Depuis quarante ans, et en parallèle du mouvement féministe qui a permis la dénonciation de ces crimes pour ce qu’ils sont, les recherches scientifiques sur le traumatisme nous livrent des connaissances fiables et pertinentes sur les mécanismes biologiques et neurobiologiques des psychotraumatismes. Il est temps de s’en emparer largement, de se former à ces sujets, en interdisciplinarité. Et de les intégrer dans les procédures pénales. En dévoilant la stratégie des agresseurs, nous établissons la contrainte. En affinant notre connaissance du psychotraumatisme, nous établissons les notions de sidération, de dissociation, de mémoire traumatique. Nous expliquons non seulement que le comportement de la victime est une réaction aux actes de l’agresseur, mais aussi que ce comportement est logique et cohérent.

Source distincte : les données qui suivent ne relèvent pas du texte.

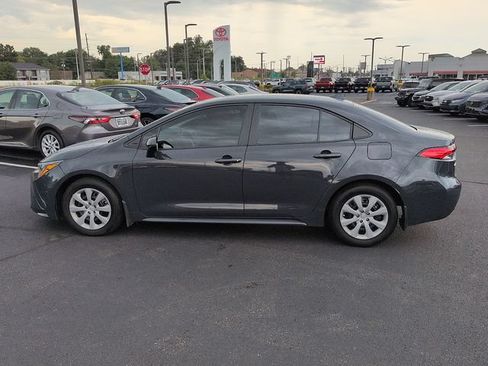 Certified 2025 Toyota Corolla LE FWD image 4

En conclusion, si elle n’est pas nécessaire à la répression des viols, parce que la loi est suffisante, et si elle ne correspond pas à la réalité de la criminalité sexuelle, alors pourquoi utiliser la notion de consentement ou encore de volonté libre, qui ne sert à qu’à renforcer la stratégie des agresseurs, à contre courant d’une réelle avancée sur la répression des violences sexuelles ?
Nous devons remettre le criminel au centre du crime. Dévoiler ses stratégies au grand jour. Mettre de la clarté là où il n’entretient que de la confusion. Remettre le violeur au centre du viol.